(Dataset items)
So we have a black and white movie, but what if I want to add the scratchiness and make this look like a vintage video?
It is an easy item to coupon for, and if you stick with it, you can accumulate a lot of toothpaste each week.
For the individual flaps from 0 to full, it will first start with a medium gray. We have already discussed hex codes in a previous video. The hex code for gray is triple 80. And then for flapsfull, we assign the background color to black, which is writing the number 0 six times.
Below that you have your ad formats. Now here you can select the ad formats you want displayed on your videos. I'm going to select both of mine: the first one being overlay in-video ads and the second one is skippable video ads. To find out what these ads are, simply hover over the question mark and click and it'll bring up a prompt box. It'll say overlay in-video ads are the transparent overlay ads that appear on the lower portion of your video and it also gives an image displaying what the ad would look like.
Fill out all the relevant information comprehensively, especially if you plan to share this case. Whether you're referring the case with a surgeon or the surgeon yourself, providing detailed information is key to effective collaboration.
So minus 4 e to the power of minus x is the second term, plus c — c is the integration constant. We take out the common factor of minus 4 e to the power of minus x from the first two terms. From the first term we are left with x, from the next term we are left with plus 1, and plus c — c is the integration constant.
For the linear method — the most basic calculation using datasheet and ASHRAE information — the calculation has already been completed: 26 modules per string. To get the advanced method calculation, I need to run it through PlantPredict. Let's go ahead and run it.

ASSIGNED TASK => Nothing but the lines with "already" should be returned, copied from the entries above.

EXERCISE RESULT =>
For the individual flaps from 0 to full, it will first start with a medium gray. We have already discussed hex codes in a previous video. The hex code for gray is triple 80. And then for flapsfull, we assign the background color to black, which is writing the number 0 six times.
For the linear method — the most basic calculation using datasheet and ASHRAE information — the calculation has already been completed: 26 modules per string. To get the advanced method calculation, I need to run it through PlantPredict. Let's go ahead and run it.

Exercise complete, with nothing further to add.